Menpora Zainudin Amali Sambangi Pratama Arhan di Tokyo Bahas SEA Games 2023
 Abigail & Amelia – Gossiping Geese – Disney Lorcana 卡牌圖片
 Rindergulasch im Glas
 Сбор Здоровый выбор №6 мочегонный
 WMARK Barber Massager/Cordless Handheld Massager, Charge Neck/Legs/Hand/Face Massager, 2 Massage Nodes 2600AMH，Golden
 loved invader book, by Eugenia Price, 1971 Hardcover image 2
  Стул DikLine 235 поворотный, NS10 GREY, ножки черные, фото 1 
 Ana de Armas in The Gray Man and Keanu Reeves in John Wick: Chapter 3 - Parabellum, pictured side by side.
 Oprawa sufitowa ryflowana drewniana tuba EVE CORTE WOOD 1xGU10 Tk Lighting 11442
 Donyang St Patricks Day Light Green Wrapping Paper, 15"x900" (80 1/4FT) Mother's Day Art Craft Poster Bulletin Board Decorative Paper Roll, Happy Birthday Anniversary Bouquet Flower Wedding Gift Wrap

- Aim of the task -
Reproduce only those lines of the entries above that run from the line with "Сбор Здоровый выбор №6 мочегонный" to the final line.

- Task output -
 Сбор Здоровый выбор №6 мочегонный
 WMARK Barber Massager/Cordless Handheld Massager, Charge Neck/Legs/Hand/Face Massager, 2 Massage Nodes 2600AMH，Golden
 loved invader book, by Eugenia Price, 1971 Hardcover image 2
  Стул DikLine 235 поворотный, NS10 GREY, ножки черные, фото 1 
 Ana de Armas in The Gray Man and Keanu Reeves in John Wick: Chapter 3 - Parabellum, pictured side by side.
 Oprawa sufitowa ryflowana drewniana tuba EVE CORTE WOOD 1xGU10 Tk Lighting 11442
 Donyang St Patricks Day Light Green Wrapping Paper, 15"x900" (80 1/4FT) Mother's Day Art Craft Poster Bulletin Board Decorative Paper Roll, Happy Birthday Anniversary Bouquet Flower Wedding Gift Wrap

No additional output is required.